At this point I promise I’m back to the jalapeño poppers. We’ve been eating a lot of jalapeños lately, because Haymarket, where we shop almost every week, has had bags of around 15 large jalapeños for $1. Which is a great deal, although if you’ve ever been to Haymarket, you won’t be all that impressed. At Haymarket, virtually everything is a dollar. 10 limes- $1. Acorn squash- $1. Kale, collards, $1 a bunch. $2, if they’re really nice looking. It’s basically the bargain hunters produce dream. The jalapeños we get from Haymarket are much spicier than any of the ones I’ve gotten from a grocery store- I’m not exactly sure why that is, but they’re really tasty when made into poppers!

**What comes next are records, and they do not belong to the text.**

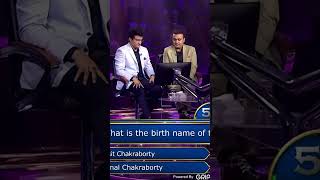 KBC का ये सवाल दिमाग घुमा देगा #kaunbanegacrorepati #youtubeshorts #ytshortsindia #ytshorts #shorts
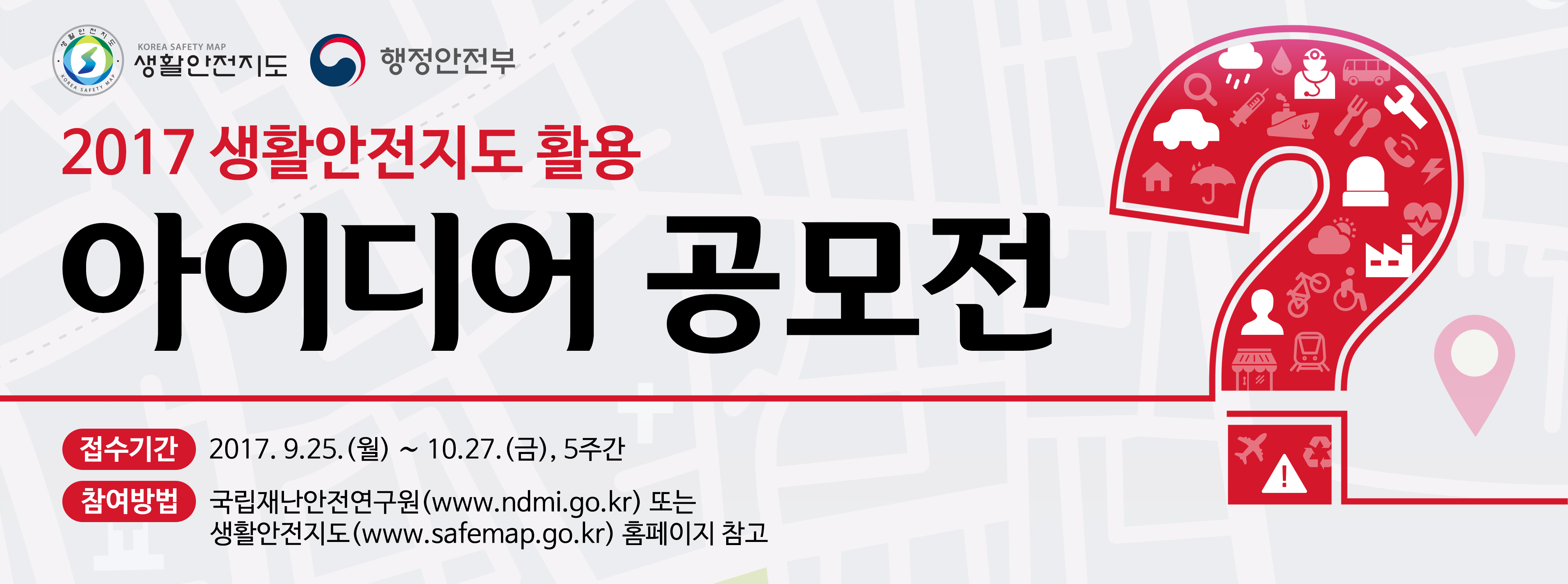 2017생활안전지도활용 아이디어공모전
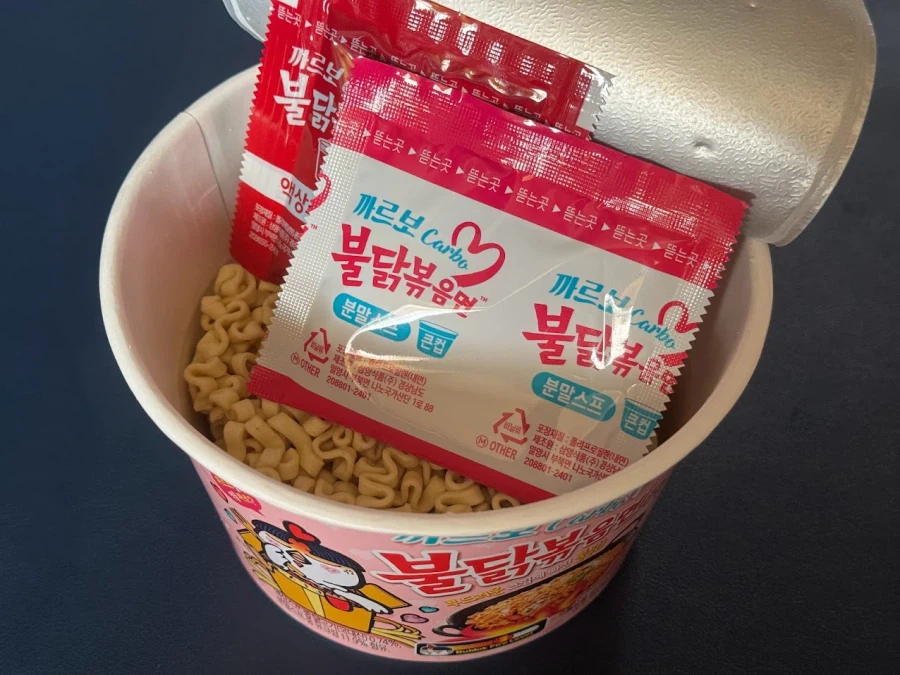 처음 먹어본 까르보불닭과 라뽁구리_2.webp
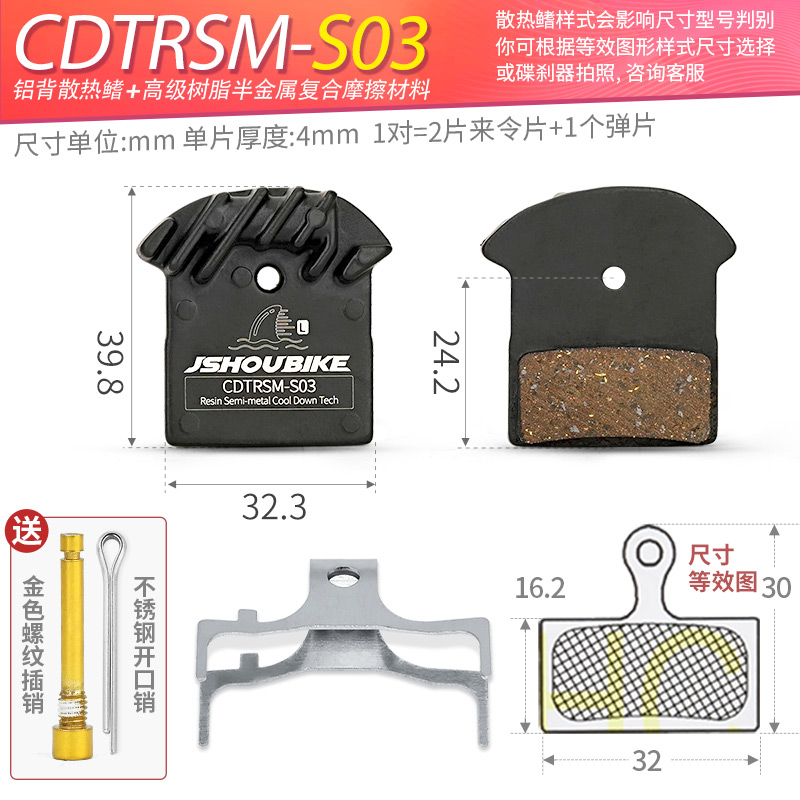 急速发货山地公路自行车碟刹散热来令片M6100m8120nutt油刹配件金 - 图1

The secret for the vegan cashew cheese to make it melty, stretch, ooey-gooey is tapioca starch (also called tapioca flour). Tapioca can be found really inexpensively in any Asian grocery store, and many of your more mainstream stores too. If you’re really in a pinch, you can always order some off Amazon. It works by binding and thickening the cashew cheese, giving it a stretchy and melty quality. Mix it in some water on the stove, and add the cashew to it. Make sure to keep on stirring to avoid any burning. If at any point the cheese feels like its getting away from you, and heating up too fast, clumping too much, remember- you can always stop cooking. Take it off the stove, and let it cool a little. Then start again. I had a moment like this when I was making my cheese, so I thought some of you might benefit from that advice too. You’ll know the cheese is thick enough when you start feeling a little more resistance when you stir. It should have the consistency of, well, melted cheese.

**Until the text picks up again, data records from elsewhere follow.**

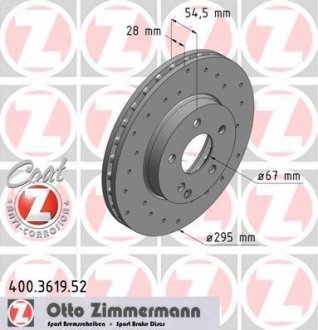 Гальмівний диск ZIMMERMANN 400361952 (фото 1)
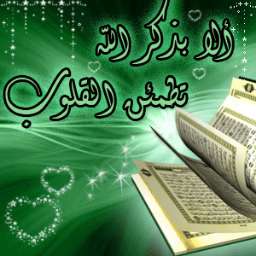 بأسم الله نبدأ وببركته نستمر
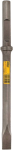 Dewalt 32mm x 521mm Hex lame k&auml;lk, 1 tk, betoon, tugevdatud teras, SDSMAX, vastupidav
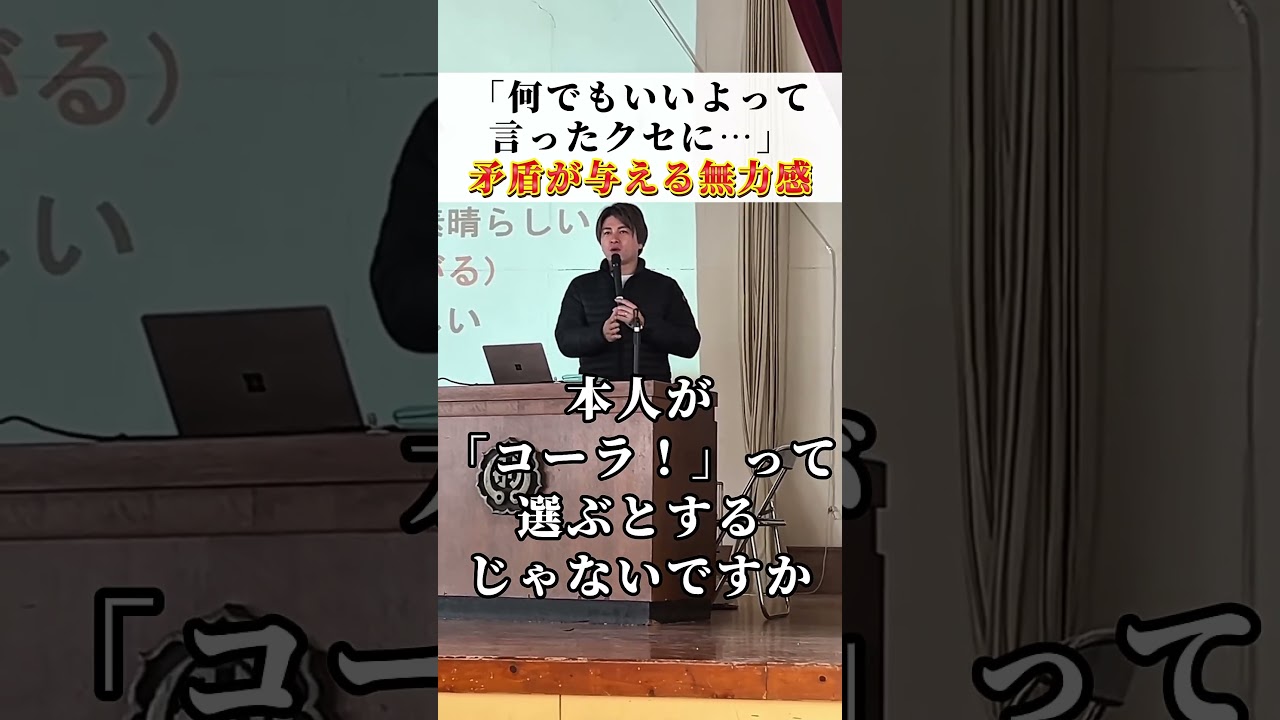 「何でもいいよって言ったクセに・・・」矛盾が与える無力感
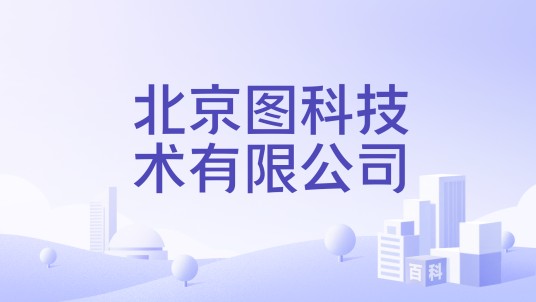 北京图科技术有限公司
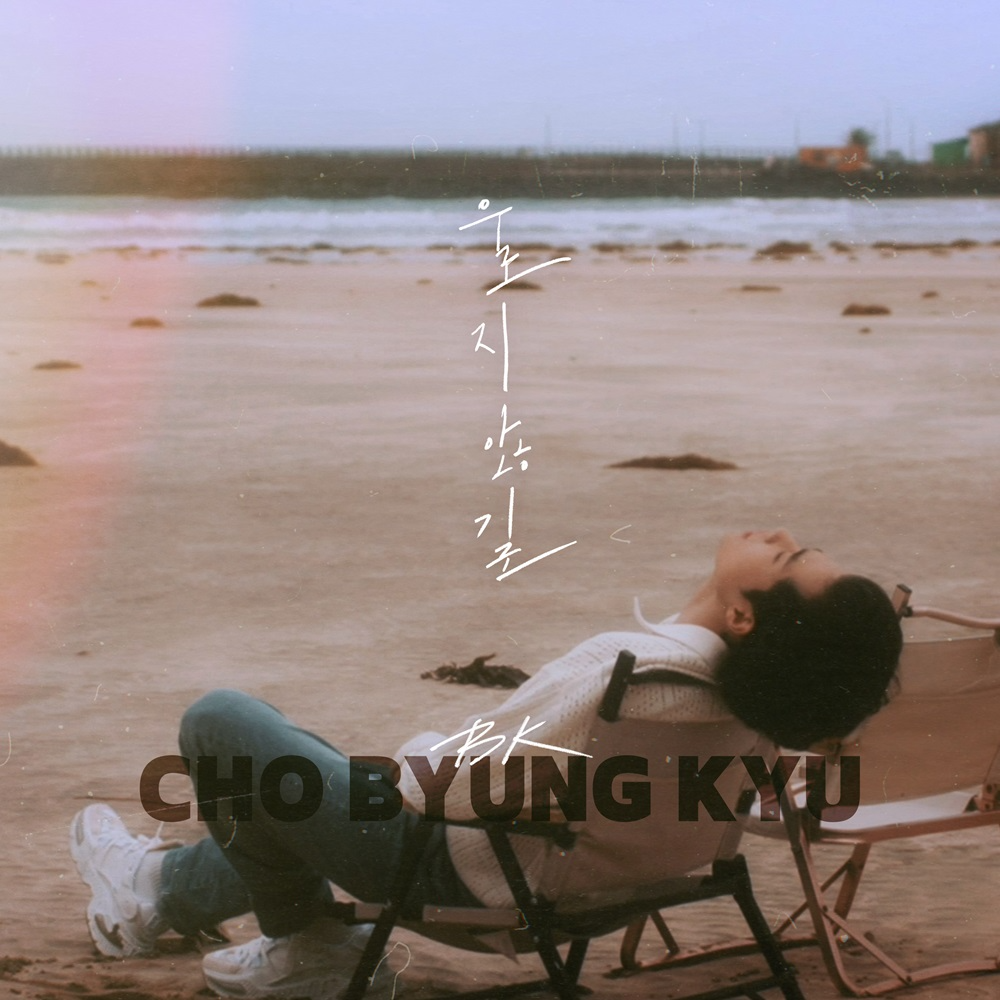 조병규, 위로+진심 담은 첫 싱글 '울지 않길' 28일 발매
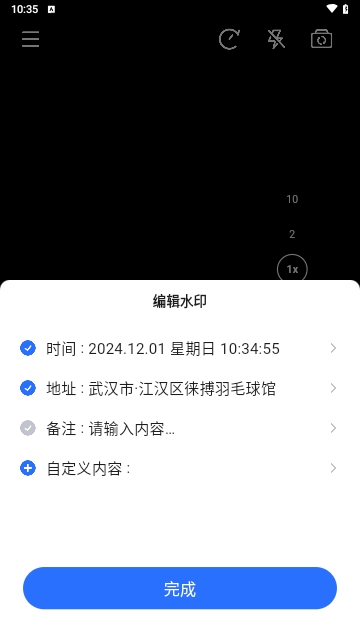 酷雀水印相機免費版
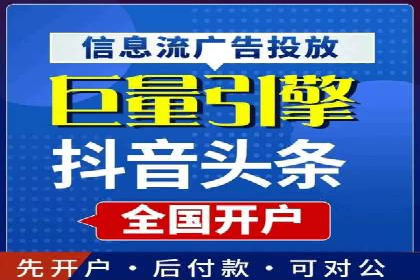 百度竞价广告开户全流程指南及效果显著案例分析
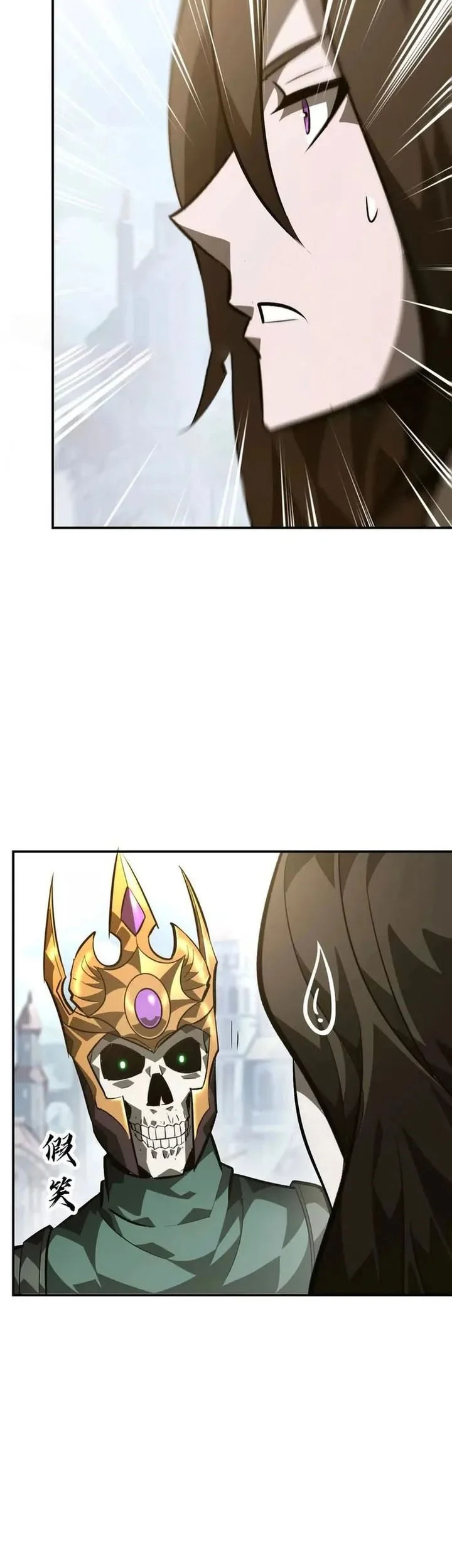 Game Online: Unrivaled In The World (Remake) Chapter 49 - halaman 53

From there it should be smooth sailing- cut the pepper in half and remove the seeds and white inside bits. Fill each half with the cashew cheese, making it close to level. Sprinkle some bread crumbs on top (you could skip that step to make them gluten-free) and put them in the oven. Remove, and voila- baked vegan jalapeño poppers!
Ooey-Gooey Cheesy Baked Vegan Jalapeño Poppers
- 1 cup raw unsalted cashews
- 2 tsp. lemon juice
- 1 TBSP. white miso
- 2 TBSP. nutritional yeast
- Salt and pepper, to taste
- 2 TBSP. tapioca starch
- 10 jalapeño peppers
- ¼ cup bread crumbs
1. Soak your cashews in water for at least 15 minutes before you begin cooking. Once that’s done, preheat the oven to 425°F (220°C) and prepare a baking tray either with a silicone baking sheet, wax paper, or grease.
2. Drain all the water besides half a cup from the cashews and place in a blender. Add the lemon juice, miso, nutritional yeast and salt and pepper and blend until smooth.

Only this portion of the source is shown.